Tuesday, May 8, 2012

It's O.K. to Say No to Organized Activities

 
My children usually don't know the difference between baseball, football, basketball, and soccer.  The outdoor toy box houses all four balls, but for the most part, they're only used when I personally bring them out to encourage the development of these skills.

My father did the same with me.  Every summer, he played softball with my brother and me in the vacant field adjacent to our house.  After a long Saturday's work, he would stand with sweat pouring down his face as he taught me to keep my eye on the ball, hold the bat properly, and drop to the ground if someone hit a line drive straight at me.  After my grandparents poured a concrete driveway and put up a basketball goal, he taught me to play HORSE and Around the World, sometimes with roller skates on my feet. Then, there was badminton, bocce ball, croquet, and horseshoes in the back yard under the big oak tree along with my least favorite--volley ball.

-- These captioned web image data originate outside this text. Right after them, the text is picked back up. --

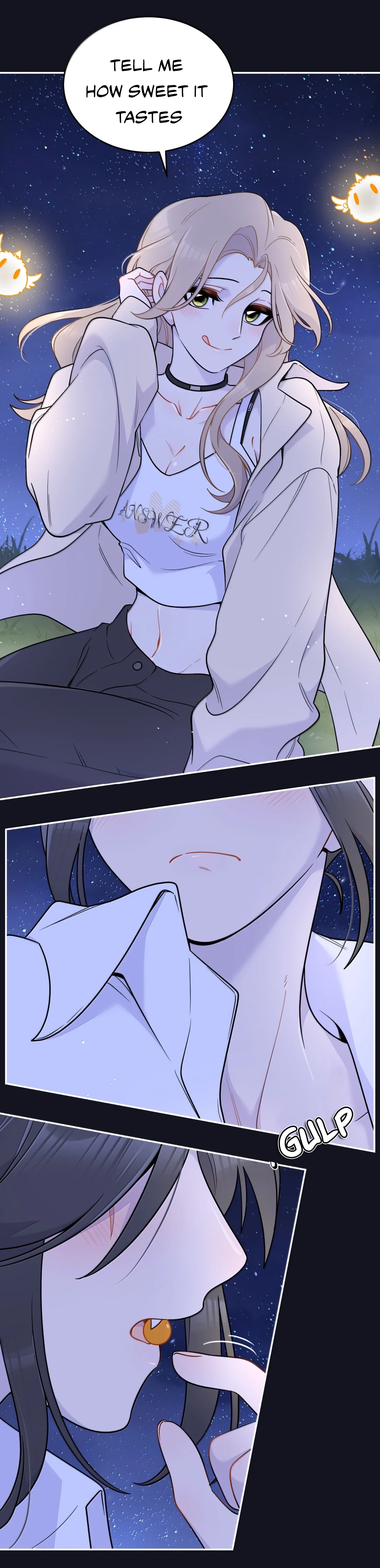 Page 7332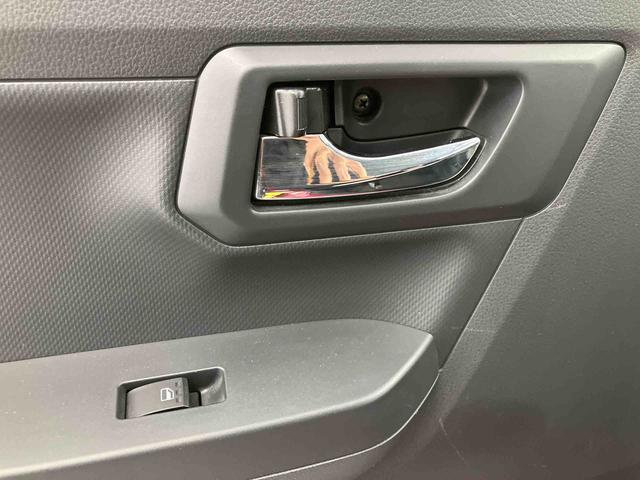 ミライースＧ　ＳＡIII走行距離無制限１２ヶ月保証付き　ＡＵＴＯライト　ＢＴ　ＡＵＸ　シートＨ　ＵＳＢ　盗難防止システム　禁煙　オートハイビーム　ＡＷ　キーレス　スマートキー　記録簿付　助手席エアバッグ　運転席エアバッグ（大分県）の中古車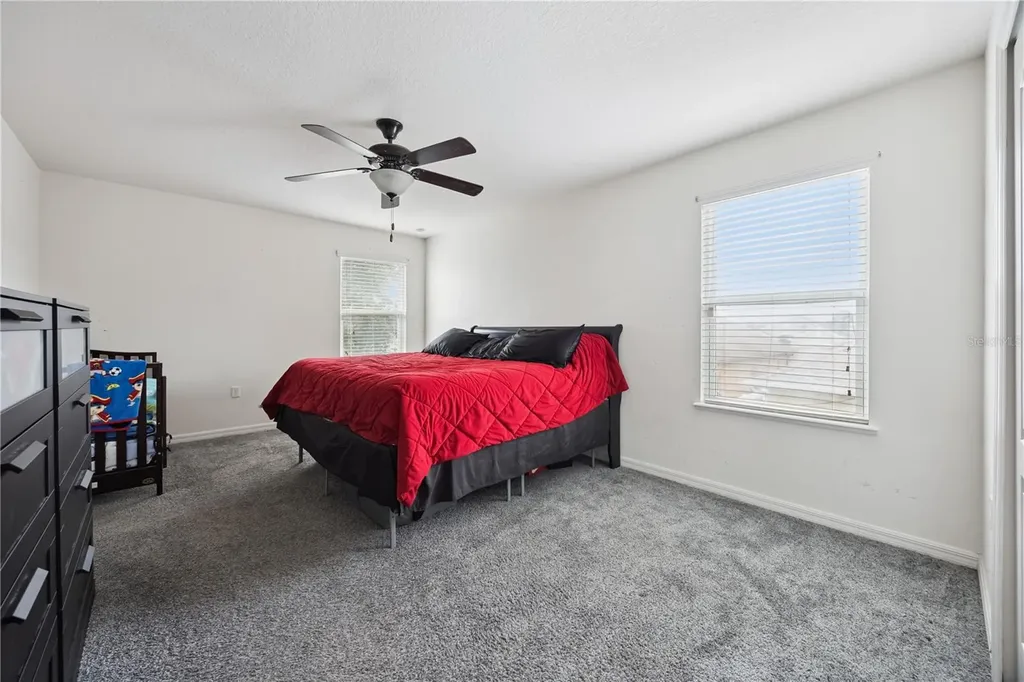 5170 Preserve Boulevard St Cloud FL 34772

Sports were always fun.  Sports were something I chose to do versus something I was compelled to do. Although my brother and I were always competitive (to the tune of a lot of sibling "stomping off the court"), it was less about winning or losing than having a good time.

Our days were not filled with ball practice, weekend-long games in the blistering sun, and calendar fruit-basket-turnover each time it rained.  Yet, they weren't spent sitting in front of computer games either.  Although we were occasionally allowed a weekend foray into daddy's Atari or an evening in front of a boring-by-today's-standards Crystal Caves computer game, my brother and I filled our days with reading, flower & vegetable gardening, board & card games, painting, sewing, cooking, playing noncompetitive outdoor sports, and living in the great outdoors with all the science lessons we could learn firsthand there.

In today's society, my parents would have encountered the social pressure to sign me up as early as preschool for some organized activity, whether it be some sport or dance.

That works quite well for many families.  Their children adore playing ball or performing at dance recitals.  But most of what I hear from parents is a tune that doesn't even pretend to mimic happiness.  Instead, it seems they are lining their child up for multiple activities because society implants the fear they will irrevocably warp their child if they don't enroll them in something social.

Unsolicited, I am the ear that hears the complaints, the grumbling, the anxiety over being a mere chauffeur who hustles this child from one calendar event to the next.  "You just don't know how it is...but you will!  Just you wait!" said one friend as she sighed.

I can't help but sigh with her and think, "This can't be what God intended."  This is a rat race I simply don't want to enter.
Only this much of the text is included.